- Ganjevan Location within Iran Ganjevan Location within Ilam Province
- Coordinates: 33°44′49″N 45°58′14″E﻿ / ﻿33.74694°N 45.97056°E
- Country: Iran
- Province: Ilam
- County: Chavar
- District: Buli
- Rural District: Buli

Population (2016)
- • Total: 292
- Time zone: UTC+3:30 (IRST)

= Ganjevan, Ilam =

Village in Ilam province, Iran

Ganjevan (گنجوان) (Note: Also romanized as Ganjevān; also known as Kanjavān) is a village in, and the former capital of, Buli Rural District of Buli District, Chavar County, Ilam province, Iran, serving as capital of the district.
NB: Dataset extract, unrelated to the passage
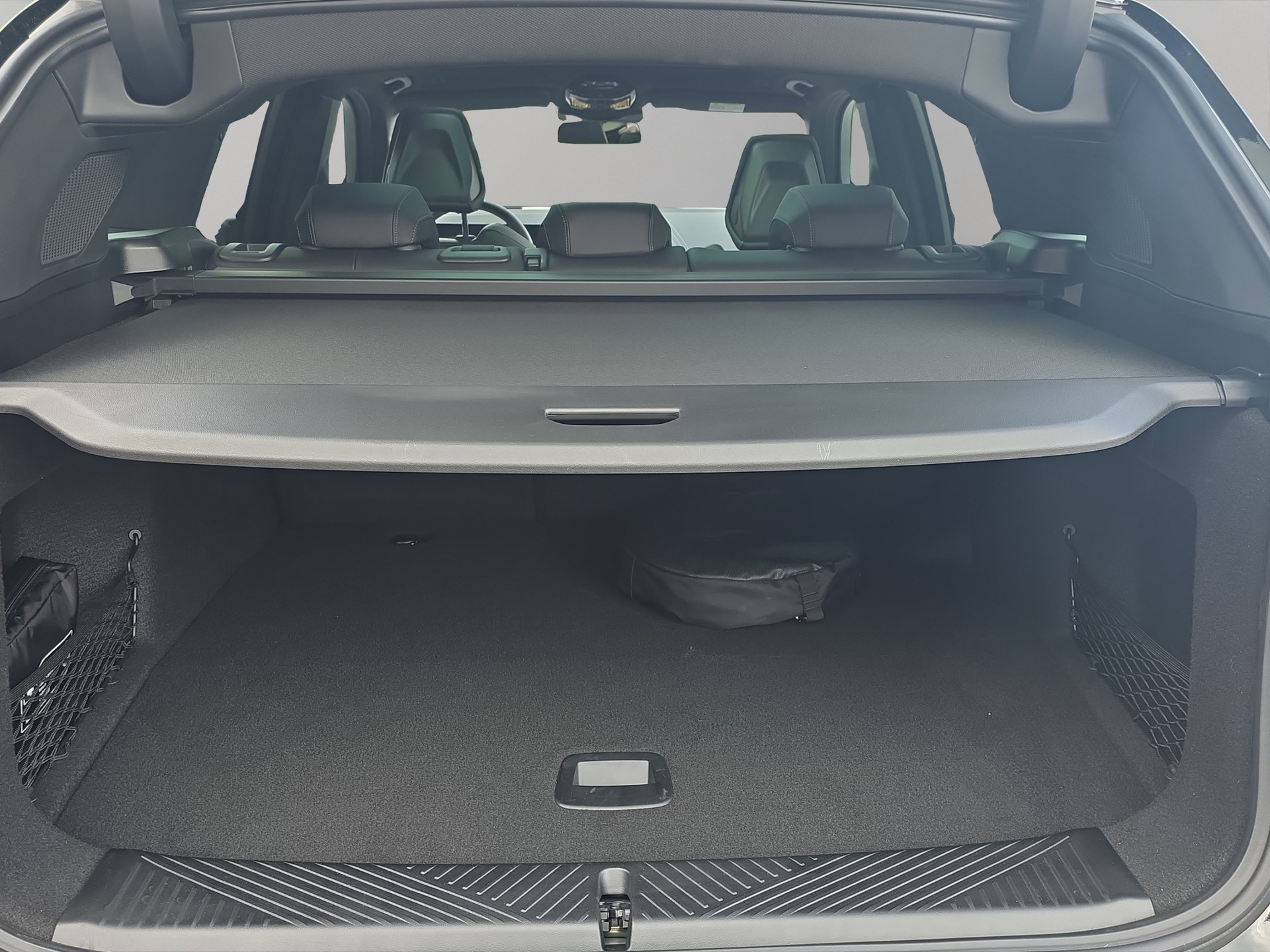 BMW X3 xDrive 30e M Sport-image-17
The capital of the rural district has been transferred to the village of Chaman-e Seyyed Mohammad.

==Demographics==
===Ethnicity===
The village is mainly populated by Kurds.

===Population===
At the time of the 2006 National Census, the village's population was 349 in 82 households, when it was in Chavar District (Note: Renamed the Central District of Chavar County) of Ilam County. The following census in 2011 counted 378 people in 83 households. The 2016 census measured the population of the village as 292 people in 80 households. It was the most populous village in its rural district.

In 2019, the district was separated from the county in the establishment of Chavar County and renamed the Central District. The rural district was transferred to the new Buli District.